Work instruction —
Reproduce the listing below from the line with "this 1024×768 image." to the line with "this 1343×896 image.", both lines included, character for character, minus any pictures.

Data under study —
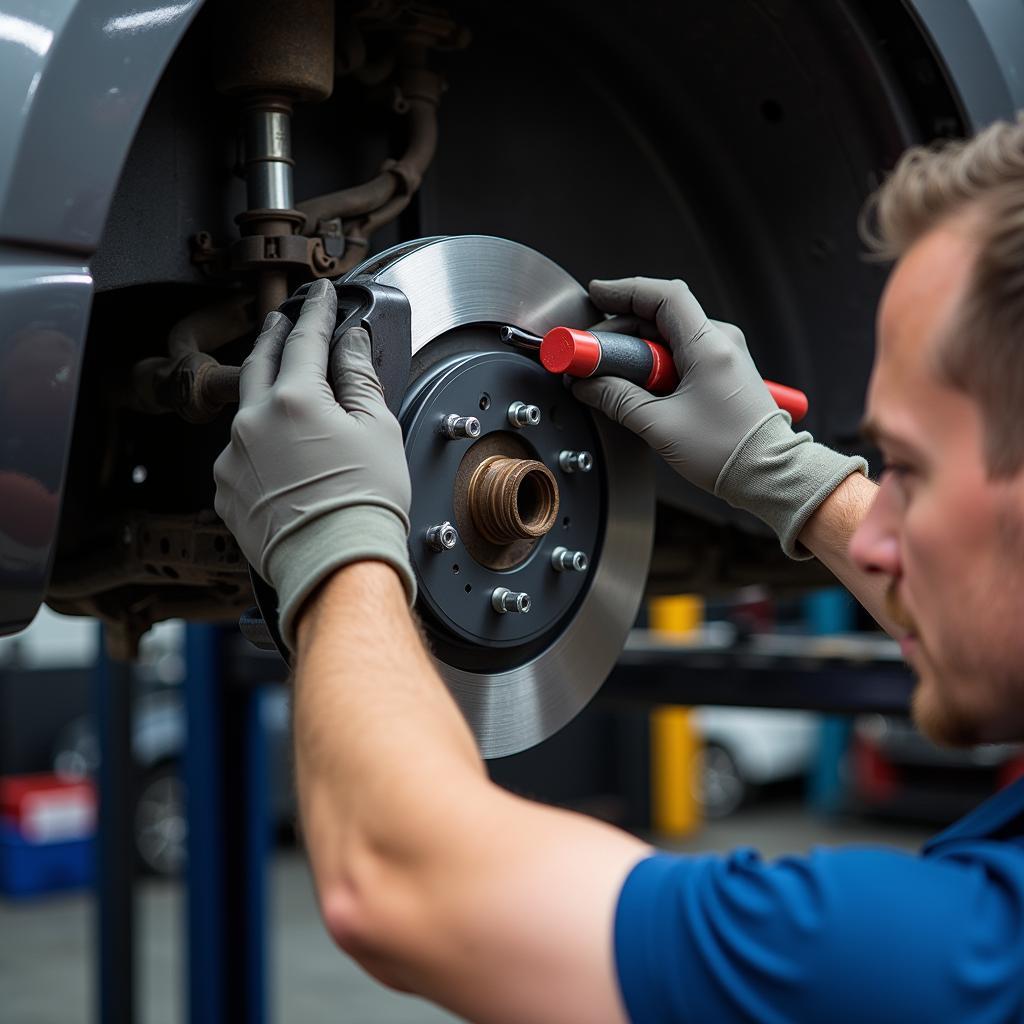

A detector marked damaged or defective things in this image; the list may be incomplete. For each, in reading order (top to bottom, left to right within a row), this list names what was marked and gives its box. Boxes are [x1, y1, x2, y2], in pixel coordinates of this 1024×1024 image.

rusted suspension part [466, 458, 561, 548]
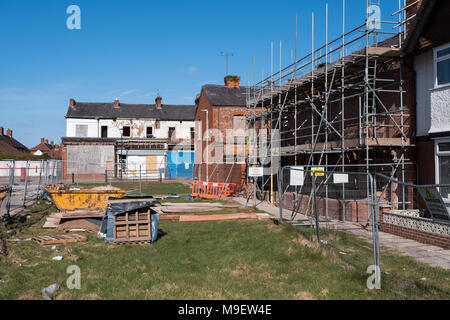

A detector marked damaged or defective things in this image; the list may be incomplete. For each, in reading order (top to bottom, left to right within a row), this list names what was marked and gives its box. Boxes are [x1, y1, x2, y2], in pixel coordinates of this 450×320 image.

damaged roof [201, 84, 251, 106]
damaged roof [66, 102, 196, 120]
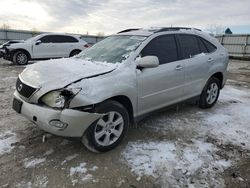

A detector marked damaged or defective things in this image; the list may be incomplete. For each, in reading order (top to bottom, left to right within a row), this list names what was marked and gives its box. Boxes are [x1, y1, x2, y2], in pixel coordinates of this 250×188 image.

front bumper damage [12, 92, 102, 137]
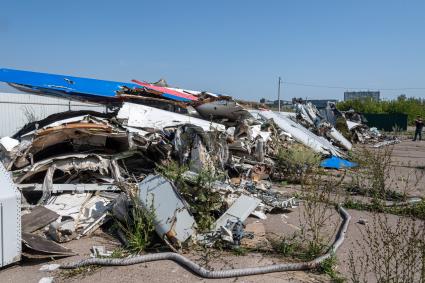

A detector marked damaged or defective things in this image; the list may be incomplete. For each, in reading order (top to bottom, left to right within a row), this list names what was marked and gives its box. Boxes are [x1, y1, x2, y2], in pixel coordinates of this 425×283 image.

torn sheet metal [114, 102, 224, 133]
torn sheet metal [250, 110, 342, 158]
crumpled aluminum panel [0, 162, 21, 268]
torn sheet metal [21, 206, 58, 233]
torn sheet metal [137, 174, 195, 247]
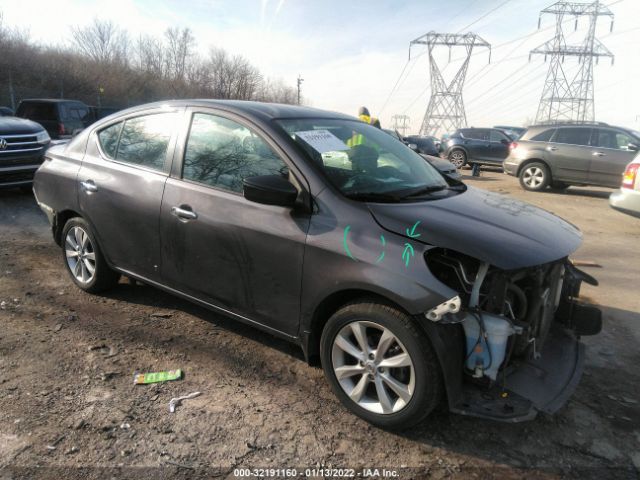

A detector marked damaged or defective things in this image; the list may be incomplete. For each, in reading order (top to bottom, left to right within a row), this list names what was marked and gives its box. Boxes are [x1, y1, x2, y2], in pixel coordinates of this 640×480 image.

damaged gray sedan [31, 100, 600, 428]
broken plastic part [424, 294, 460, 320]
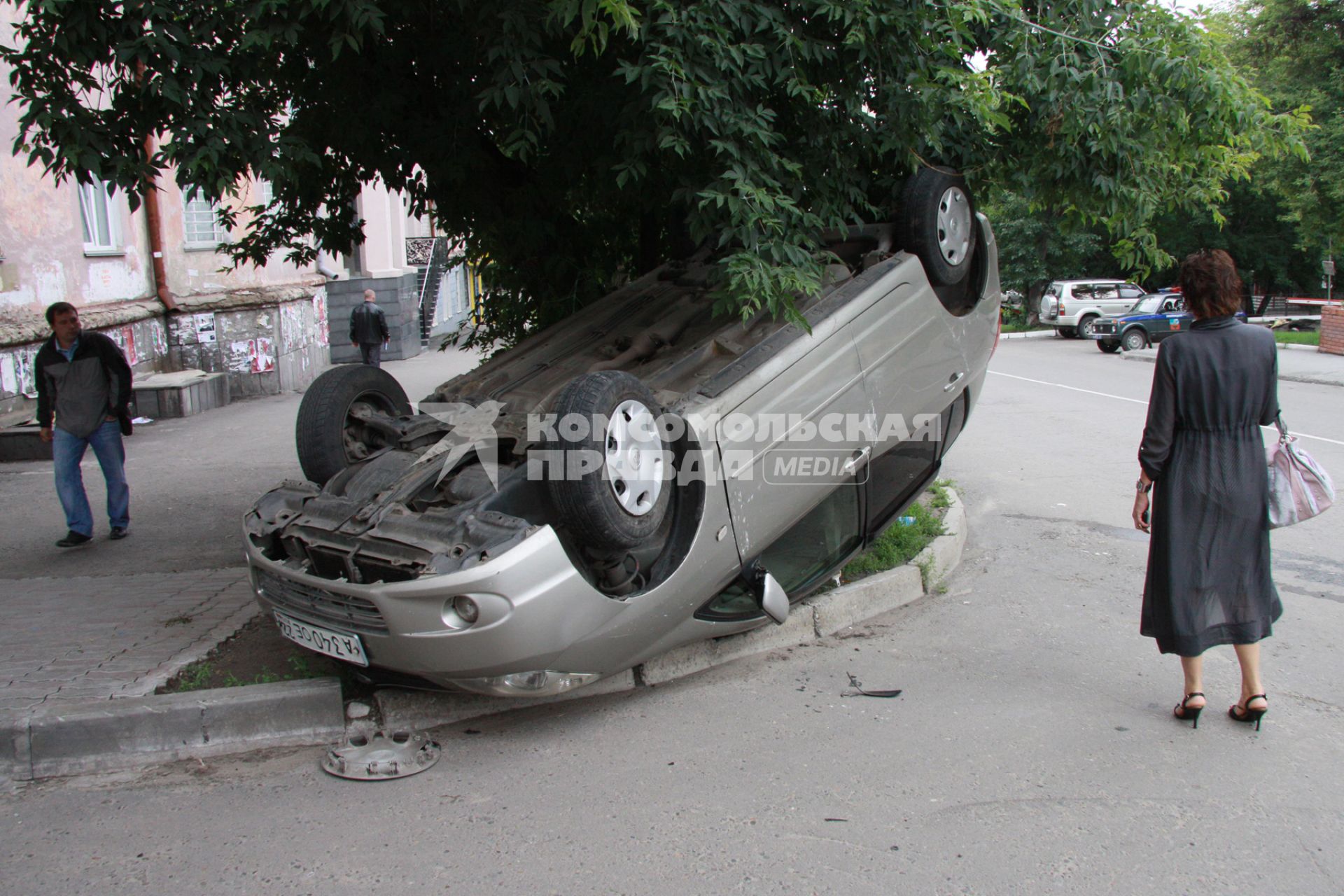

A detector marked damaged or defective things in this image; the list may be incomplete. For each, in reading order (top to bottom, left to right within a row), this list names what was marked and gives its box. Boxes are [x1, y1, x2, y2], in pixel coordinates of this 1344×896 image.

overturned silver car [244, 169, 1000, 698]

--

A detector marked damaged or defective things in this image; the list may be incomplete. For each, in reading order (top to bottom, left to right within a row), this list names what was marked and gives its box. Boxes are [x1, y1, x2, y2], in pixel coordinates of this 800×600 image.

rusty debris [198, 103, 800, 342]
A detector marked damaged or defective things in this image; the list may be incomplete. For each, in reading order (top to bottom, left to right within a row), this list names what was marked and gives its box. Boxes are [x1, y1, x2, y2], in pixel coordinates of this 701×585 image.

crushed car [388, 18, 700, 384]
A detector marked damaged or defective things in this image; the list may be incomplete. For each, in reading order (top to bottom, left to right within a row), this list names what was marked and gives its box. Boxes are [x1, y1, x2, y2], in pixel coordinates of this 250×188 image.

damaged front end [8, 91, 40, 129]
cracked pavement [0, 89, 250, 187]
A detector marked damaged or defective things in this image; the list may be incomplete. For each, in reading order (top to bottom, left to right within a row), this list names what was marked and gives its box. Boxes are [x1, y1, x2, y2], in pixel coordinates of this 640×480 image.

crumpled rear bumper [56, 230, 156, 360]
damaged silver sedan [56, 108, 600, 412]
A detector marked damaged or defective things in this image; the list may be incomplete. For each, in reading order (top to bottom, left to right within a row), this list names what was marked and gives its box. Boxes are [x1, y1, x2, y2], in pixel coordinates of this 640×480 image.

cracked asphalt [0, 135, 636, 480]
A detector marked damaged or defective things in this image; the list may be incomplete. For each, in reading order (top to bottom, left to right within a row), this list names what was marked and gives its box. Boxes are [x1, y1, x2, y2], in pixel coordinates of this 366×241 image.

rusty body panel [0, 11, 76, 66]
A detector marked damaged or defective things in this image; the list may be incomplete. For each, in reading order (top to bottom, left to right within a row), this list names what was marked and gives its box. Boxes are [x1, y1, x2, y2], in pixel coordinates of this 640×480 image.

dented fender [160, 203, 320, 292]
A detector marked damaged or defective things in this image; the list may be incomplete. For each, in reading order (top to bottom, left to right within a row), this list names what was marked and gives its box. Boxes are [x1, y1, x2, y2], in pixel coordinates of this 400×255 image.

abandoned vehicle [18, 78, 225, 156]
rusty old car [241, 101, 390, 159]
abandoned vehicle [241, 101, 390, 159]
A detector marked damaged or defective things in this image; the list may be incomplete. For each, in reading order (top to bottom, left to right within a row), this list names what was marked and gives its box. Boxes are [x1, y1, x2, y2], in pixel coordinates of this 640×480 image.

* * *

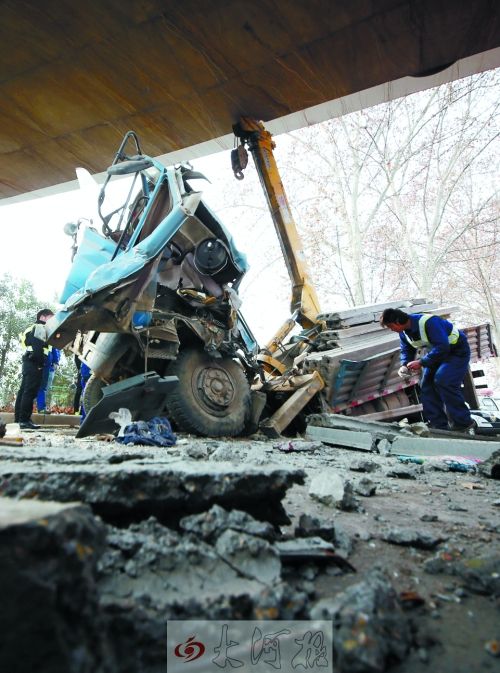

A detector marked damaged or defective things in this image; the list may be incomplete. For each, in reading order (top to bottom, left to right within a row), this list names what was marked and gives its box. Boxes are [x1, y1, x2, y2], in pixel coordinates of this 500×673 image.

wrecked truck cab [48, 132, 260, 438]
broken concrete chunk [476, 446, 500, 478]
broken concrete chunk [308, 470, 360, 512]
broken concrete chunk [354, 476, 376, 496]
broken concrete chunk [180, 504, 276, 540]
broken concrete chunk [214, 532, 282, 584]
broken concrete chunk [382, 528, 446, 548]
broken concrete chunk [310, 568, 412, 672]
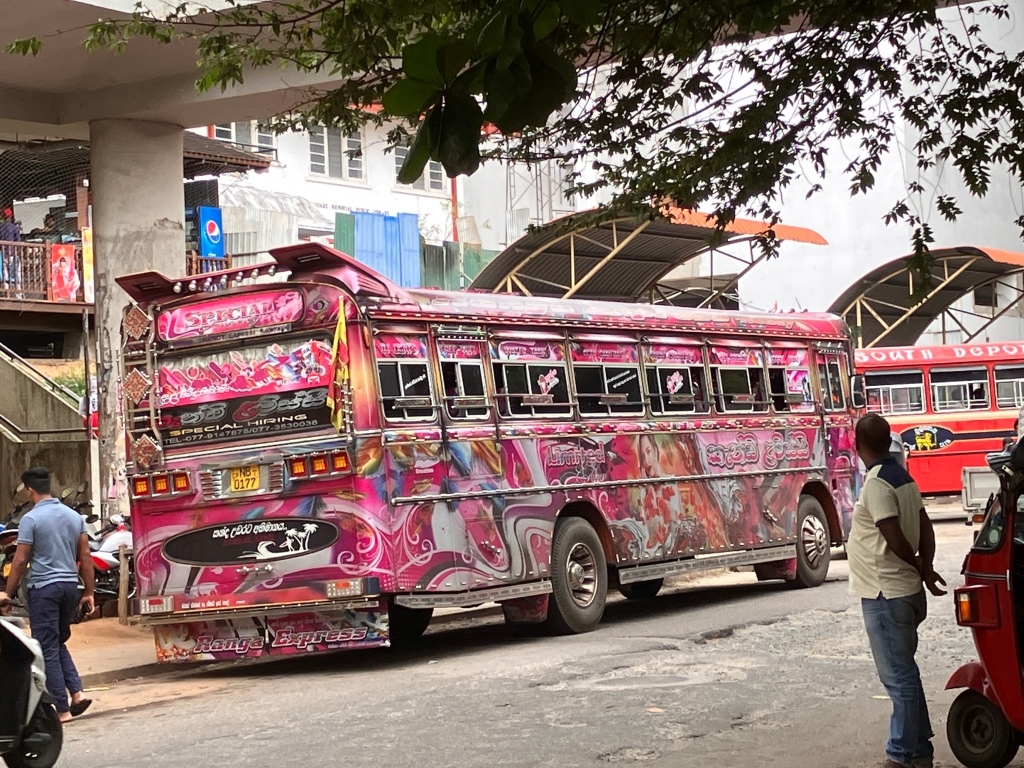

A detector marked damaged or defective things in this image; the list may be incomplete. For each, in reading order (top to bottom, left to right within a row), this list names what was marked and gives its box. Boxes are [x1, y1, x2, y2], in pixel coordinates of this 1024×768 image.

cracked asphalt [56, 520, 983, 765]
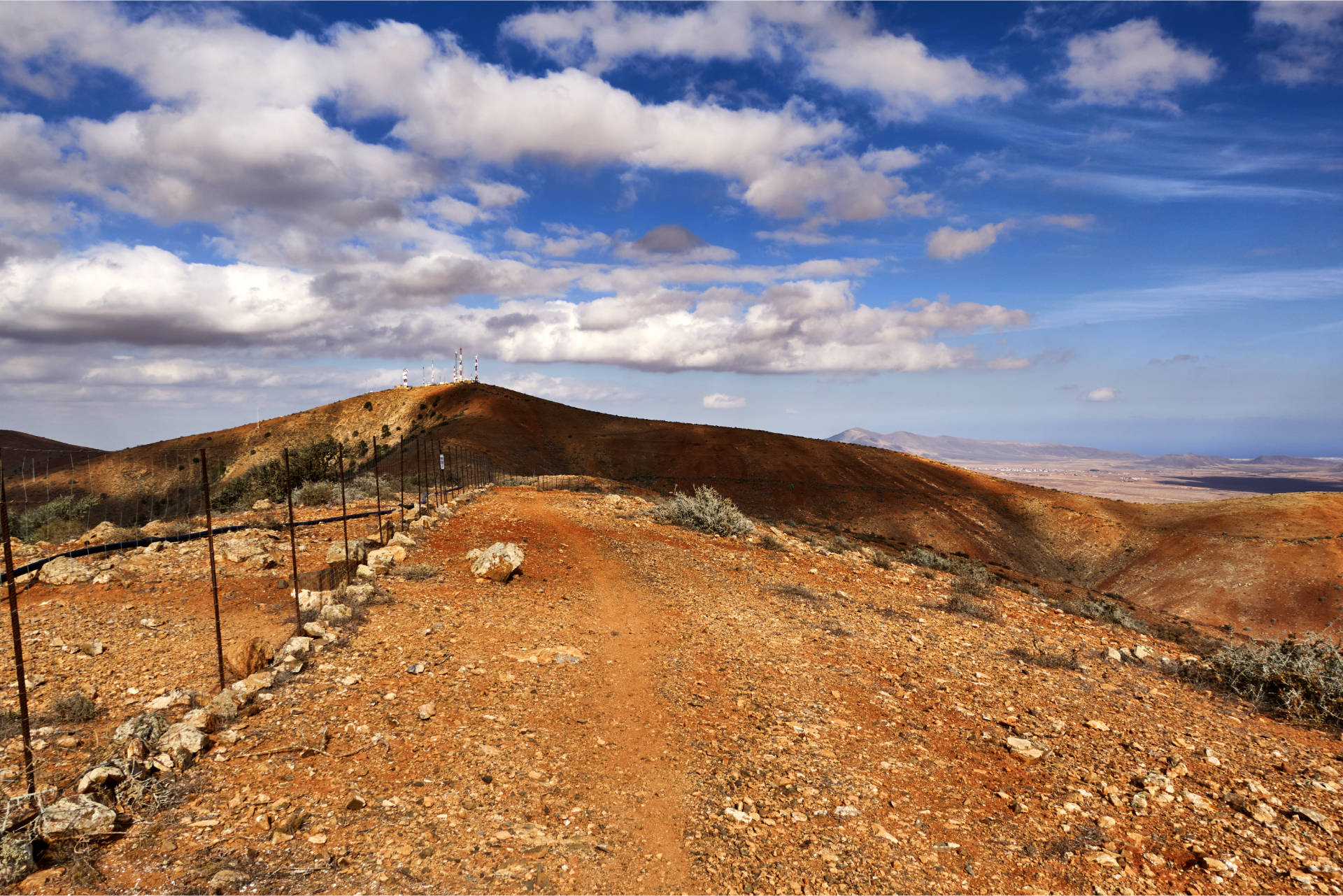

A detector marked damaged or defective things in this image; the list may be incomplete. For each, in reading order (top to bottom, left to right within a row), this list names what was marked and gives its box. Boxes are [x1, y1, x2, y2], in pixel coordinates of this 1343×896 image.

Task result —
A detector marked damaged or defective things in this image; the list may be incomplete. For each, in reading order (top to bottom, left to right within a row), this list names what was marked and gives its box. Boxes are [x1, y1, x2, y2], in pixel coordinates of this 1024×768 image.

cracked asphalt [56, 520, 983, 765]

A detector marked damaged or defective things in this image; the list may be incomplete. For each, in reading order (top to bottom, left to right within a row), this list names what was marked and gives its box. Boxes are [x1, y1, x2, y2], in pixel coordinates of this 1343×896 image.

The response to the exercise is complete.